Many businesses offer their goods and services in far flung locales, often on a nationwide basis. That raises the specter of disputes ending up in courts far from the home office, in jurisdictions where your normal outside counsel may be unable to practice.
Litigating a case in a foreign jurisdiction greatly increases the expense and aggravation associated with defending a lawsuit. So it pays to think ahead and carefully draft your standard business contracts to avoid that problem. Among your standard terms and conditions should be an exclusive jurisdiction clause requiring that any dispute between the parties be brought in the courts nearest to your office.
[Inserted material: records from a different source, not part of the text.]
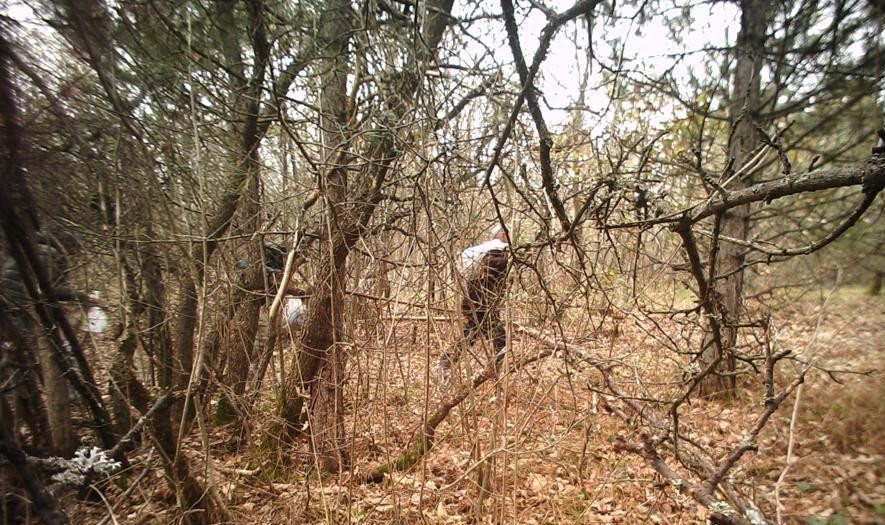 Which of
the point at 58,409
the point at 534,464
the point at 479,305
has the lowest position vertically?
the point at 534,464

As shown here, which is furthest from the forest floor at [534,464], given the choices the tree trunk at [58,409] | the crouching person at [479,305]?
the tree trunk at [58,409]

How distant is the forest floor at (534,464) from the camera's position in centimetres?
232

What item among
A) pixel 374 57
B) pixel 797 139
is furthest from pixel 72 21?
pixel 797 139

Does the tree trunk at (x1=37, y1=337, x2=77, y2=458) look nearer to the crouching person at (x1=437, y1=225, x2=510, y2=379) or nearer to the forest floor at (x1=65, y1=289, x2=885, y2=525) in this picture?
the forest floor at (x1=65, y1=289, x2=885, y2=525)

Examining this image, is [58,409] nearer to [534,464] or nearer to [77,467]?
[77,467]

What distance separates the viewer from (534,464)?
3234 millimetres

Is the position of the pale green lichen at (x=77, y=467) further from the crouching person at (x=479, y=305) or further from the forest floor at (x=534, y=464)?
the crouching person at (x=479, y=305)

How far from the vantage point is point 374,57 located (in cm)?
243

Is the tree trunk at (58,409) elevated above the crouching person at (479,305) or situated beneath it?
situated beneath

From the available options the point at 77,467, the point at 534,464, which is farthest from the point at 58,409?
the point at 534,464

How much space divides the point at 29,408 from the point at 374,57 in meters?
2.99

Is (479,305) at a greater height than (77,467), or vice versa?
(479,305)

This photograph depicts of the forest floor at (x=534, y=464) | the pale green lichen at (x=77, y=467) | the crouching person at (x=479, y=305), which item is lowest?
the forest floor at (x=534, y=464)

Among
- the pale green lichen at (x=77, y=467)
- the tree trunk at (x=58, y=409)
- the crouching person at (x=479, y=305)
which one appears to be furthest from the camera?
the tree trunk at (x=58, y=409) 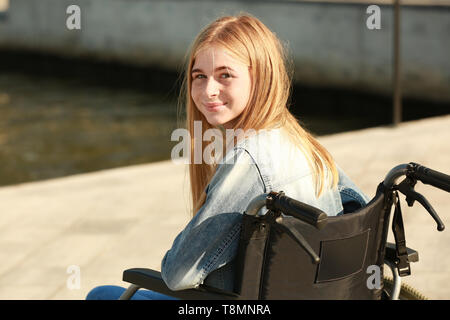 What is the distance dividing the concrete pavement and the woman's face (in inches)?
92.6

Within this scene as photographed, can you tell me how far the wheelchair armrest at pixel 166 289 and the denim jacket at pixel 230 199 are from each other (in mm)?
26

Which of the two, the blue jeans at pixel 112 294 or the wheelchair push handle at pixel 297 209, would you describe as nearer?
the wheelchair push handle at pixel 297 209

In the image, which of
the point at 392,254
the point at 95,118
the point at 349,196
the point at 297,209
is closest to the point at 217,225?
the point at 297,209

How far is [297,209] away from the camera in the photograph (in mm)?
2021

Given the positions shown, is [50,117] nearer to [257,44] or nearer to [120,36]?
[120,36]

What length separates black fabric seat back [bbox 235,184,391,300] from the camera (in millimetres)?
2264

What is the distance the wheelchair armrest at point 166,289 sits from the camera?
2365 millimetres

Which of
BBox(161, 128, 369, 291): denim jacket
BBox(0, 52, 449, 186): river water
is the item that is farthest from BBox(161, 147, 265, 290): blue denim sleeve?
BBox(0, 52, 449, 186): river water

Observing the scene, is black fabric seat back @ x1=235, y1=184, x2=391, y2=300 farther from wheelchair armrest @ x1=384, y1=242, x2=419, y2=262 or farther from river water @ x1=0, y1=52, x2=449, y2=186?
river water @ x1=0, y1=52, x2=449, y2=186

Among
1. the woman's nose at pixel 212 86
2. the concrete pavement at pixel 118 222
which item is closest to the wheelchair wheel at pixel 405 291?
the woman's nose at pixel 212 86

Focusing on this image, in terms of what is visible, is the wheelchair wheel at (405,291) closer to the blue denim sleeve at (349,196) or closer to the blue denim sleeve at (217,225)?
the blue denim sleeve at (349,196)

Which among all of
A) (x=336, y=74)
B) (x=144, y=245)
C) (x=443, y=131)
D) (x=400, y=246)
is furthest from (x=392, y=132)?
(x=336, y=74)

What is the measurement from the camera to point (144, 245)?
5.73 meters

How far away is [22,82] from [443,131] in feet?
55.6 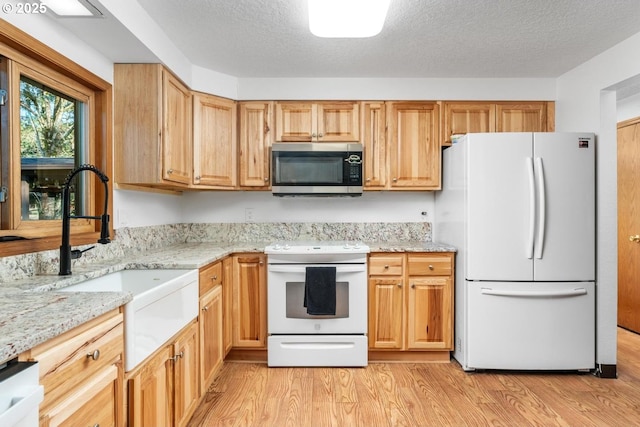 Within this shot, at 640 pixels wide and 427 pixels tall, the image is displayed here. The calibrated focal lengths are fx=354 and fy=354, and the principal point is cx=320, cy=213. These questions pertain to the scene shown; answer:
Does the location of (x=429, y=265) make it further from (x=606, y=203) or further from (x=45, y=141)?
(x=45, y=141)

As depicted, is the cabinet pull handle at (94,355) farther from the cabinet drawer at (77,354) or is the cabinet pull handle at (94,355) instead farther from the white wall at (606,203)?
the white wall at (606,203)

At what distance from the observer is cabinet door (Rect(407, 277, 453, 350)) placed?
2768 mm

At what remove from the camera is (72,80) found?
6.52ft

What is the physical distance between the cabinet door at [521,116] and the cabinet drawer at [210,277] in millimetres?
2580

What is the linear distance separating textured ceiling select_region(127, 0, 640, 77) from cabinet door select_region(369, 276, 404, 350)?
67.0 inches

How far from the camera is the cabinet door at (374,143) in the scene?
305cm

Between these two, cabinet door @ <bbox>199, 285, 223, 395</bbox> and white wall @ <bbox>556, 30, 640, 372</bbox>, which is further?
white wall @ <bbox>556, 30, 640, 372</bbox>

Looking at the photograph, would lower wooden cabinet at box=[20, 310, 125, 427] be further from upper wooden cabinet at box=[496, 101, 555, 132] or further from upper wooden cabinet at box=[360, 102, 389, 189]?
upper wooden cabinet at box=[496, 101, 555, 132]

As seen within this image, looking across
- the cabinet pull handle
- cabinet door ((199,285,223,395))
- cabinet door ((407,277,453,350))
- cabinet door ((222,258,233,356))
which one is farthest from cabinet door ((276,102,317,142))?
the cabinet pull handle

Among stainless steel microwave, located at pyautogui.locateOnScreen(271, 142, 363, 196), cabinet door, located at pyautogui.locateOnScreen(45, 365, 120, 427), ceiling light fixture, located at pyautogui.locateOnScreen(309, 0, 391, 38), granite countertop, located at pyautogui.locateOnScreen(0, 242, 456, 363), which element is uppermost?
ceiling light fixture, located at pyautogui.locateOnScreen(309, 0, 391, 38)

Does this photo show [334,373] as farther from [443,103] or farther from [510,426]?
[443,103]

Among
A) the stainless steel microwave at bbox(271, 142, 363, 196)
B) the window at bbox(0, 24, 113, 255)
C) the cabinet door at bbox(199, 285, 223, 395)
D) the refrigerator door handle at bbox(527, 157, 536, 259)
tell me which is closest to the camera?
the window at bbox(0, 24, 113, 255)

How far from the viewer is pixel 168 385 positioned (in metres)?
1.63

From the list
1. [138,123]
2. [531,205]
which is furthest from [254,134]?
[531,205] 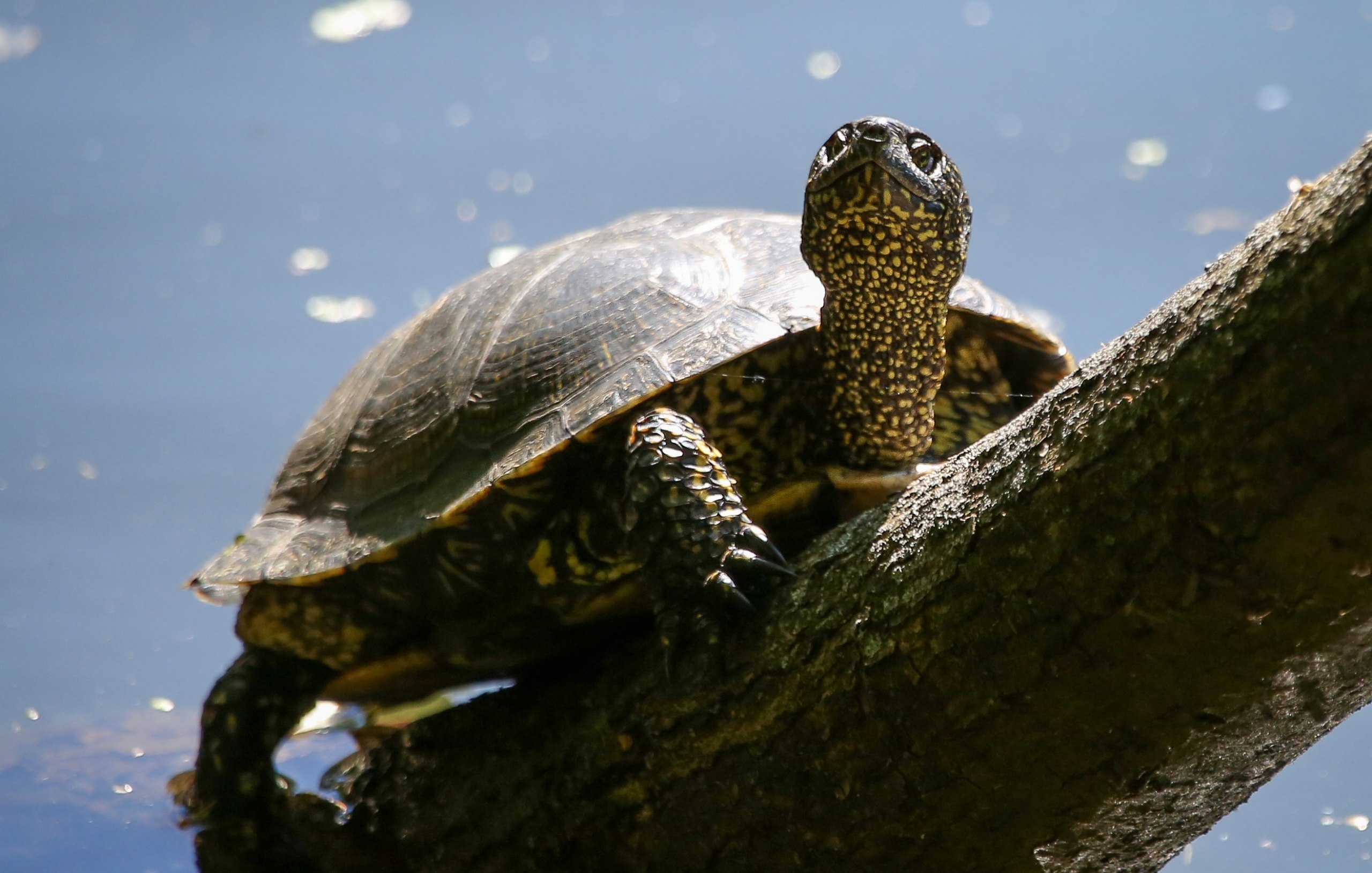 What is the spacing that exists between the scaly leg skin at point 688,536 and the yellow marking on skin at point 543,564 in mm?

It is important that the clause be properly drafted to clearly state that the chosen court has exclusive jurisdiction, that the other party agrees to submit to that court's jurisdiction and waives any objection to the exercise of personal jurisdiction over them, and that the clause covers all disputes arising out of or in any way related to the transaction, regardless of the legal theory asserted.
Along with standard warranty disclaimers, an exclusive jurisdiction clause can discourage a disgruntled customer from pursuing a lawsuit, giving you a greater opportunity to negotiate an amiable resolution before things get out of hand. A well drafted exclusive jurisdiction clause is an ounce of prevention that can avoid a pound of cure. In addition, it is always a good idea to have your lawyer periodically review your standard terms and conditions to make sure that all appropriate provisions are clearly spelled out to protect your interests.